TASK DESCRIPTION: Write every line of the following listing exactly as it reads.

SUPPLIED DATA:
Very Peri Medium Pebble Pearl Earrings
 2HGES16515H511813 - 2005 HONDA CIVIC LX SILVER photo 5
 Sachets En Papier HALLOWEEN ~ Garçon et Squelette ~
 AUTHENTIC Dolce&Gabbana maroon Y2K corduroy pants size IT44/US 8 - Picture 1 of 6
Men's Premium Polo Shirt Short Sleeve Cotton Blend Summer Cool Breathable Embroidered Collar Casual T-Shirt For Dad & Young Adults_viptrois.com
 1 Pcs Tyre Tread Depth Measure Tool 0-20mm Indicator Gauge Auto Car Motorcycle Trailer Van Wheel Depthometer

ANSWER TO THE PROBLEM:
Very Peri Medium Pebble Pearl Earrings
 2HGES16515H511813 - 2005 HONDA CIVIC LX SILVER photo 5
 Sachets En Papier HALLOWEEN ~ Garçon et Squelette ~
 AUTHENTIC Dolce&Gabbana maroon Y2K corduroy pants size IT44/US 8 - Picture 1 of 6
Men's Premium Polo Shirt Short Sleeve Cotton Blend Summer Cool Breathable Embroidered Collar Casual T-Shirt For Dad & Young Adults_viptrois.com
 1 Pcs Tyre Tread Depth Measure Tool 0-20mm Indicator Gauge Auto Car Motorcycle Trailer Van Wheel Depthometer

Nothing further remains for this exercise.